Dr Lori Passmore
Dr Lori Passmore is pleased to consider applications from prospective PhD students.
We use a hybrid approach to study the structure and function of multi-protein complexes. A major focus of the lab is on complexes involved in the regulation of mRNA polyadenylation and deadenylation. Eukaryotic genes are normally transcribed as pre-mRNAs that must be processed before they are exported from the nucleus and translated into proteins. The 3´-end of the pre-mRNA is cleaved and a poly(A) tail is added to the new 3´-end. Several protein factors are required to co-ordinate the 3´-end processing reactions, and to facilitate communication with the transcription and splicing machinery. In yeast this includes a large multi-protein complex called Cleavage and Polyadenylation Factor (CPF). The poly(A) tail is required for export of the mRNA into the cytoplasm. It also enhances mRNA stability and stimulates translation, and its length can be regulated to influence these functions. For example, shortening of the poly(A) tail can decrease the efficiency of translation to control gene expression, and is the first step in mRNA turnover. The major deadenylase activities are found within the evolutionarily conserved, 1MDa Ccr4-Not complex and Pan2-Pan3. By understanding the structure and mechanisms of these protein complexes, we will gain insight into the regulation of mRNA polyadenylation and gene expression.

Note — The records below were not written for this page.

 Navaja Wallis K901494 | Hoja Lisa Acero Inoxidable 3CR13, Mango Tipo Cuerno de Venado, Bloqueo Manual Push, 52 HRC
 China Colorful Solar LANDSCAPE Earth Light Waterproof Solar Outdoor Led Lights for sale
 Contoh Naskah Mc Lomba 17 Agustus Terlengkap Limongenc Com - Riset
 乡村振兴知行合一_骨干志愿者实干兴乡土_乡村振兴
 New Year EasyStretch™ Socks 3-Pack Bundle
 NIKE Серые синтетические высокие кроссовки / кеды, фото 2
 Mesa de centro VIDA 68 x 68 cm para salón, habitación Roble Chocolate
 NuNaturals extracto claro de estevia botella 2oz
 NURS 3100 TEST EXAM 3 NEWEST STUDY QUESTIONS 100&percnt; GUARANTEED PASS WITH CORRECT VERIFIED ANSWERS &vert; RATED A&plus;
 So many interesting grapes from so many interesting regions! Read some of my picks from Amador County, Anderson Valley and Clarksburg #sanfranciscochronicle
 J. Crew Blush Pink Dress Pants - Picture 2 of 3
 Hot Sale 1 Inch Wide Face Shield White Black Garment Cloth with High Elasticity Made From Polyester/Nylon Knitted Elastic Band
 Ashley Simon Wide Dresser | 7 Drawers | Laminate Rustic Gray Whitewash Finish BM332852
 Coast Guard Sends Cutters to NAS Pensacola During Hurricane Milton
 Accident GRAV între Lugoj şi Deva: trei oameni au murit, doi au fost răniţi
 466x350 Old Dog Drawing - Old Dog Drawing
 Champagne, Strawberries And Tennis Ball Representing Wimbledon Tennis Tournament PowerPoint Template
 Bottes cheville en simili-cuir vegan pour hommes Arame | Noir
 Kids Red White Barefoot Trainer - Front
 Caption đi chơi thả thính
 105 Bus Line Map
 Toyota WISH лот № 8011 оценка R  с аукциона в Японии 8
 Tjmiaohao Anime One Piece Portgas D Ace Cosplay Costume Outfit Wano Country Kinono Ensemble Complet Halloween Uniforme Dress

A second focus of the lab is the Fanconi anaemia (FA) core complex. This multi-subunit E3 ubiquitin ligase acts in a pathway that repairs DNA damage caused by DNA crosslinks. Mutation of the genes encoding subunits of the FA core complex results in Fanconi anaemia which includes developmental abnormalities, bone marrow failure and cancer predisposition. We are studying the complex using biochemical reconstitution and structural biology to understand the molecular basis for its function.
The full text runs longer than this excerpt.